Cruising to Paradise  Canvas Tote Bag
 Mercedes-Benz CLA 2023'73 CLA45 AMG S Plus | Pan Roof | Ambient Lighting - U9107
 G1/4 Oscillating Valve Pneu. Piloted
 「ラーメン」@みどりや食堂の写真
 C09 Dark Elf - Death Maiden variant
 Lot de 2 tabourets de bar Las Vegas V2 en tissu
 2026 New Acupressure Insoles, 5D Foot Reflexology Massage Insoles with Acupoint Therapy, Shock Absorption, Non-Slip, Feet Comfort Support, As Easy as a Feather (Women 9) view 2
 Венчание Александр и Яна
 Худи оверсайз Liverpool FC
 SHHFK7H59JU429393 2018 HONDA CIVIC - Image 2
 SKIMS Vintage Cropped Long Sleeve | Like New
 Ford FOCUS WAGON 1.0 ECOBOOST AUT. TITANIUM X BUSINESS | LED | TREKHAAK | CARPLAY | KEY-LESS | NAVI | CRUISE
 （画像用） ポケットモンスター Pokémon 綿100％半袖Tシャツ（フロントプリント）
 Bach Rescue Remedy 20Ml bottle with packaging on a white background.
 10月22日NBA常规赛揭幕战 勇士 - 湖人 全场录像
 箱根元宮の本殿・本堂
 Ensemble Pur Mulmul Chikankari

The task => Retype, without any change, the lines from the one containing "SKIMS Vintage Cropped Long Sleeve | Like New" through the final line of the material above, and no others.

Result of this task =>
 SKIMS Vintage Cropped Long Sleeve | Like New
 Ford FOCUS WAGON 1.0 ECOBOOST AUT. TITANIUM X BUSINESS | LED | TREKHAAK | CARPLAY | KEY-LESS | NAVI | CRUISE
 （画像用） ポケットモンスター Pokémon 綿100％半袖Tシャツ（フロントプリント）
 Bach Rescue Remedy 20Ml bottle with packaging on a white background.
 10月22日NBA常规赛揭幕战 勇士 - 湖人 全场录像
 箱根元宮の本殿・本堂
 Ensemble Pur Mulmul Chikankari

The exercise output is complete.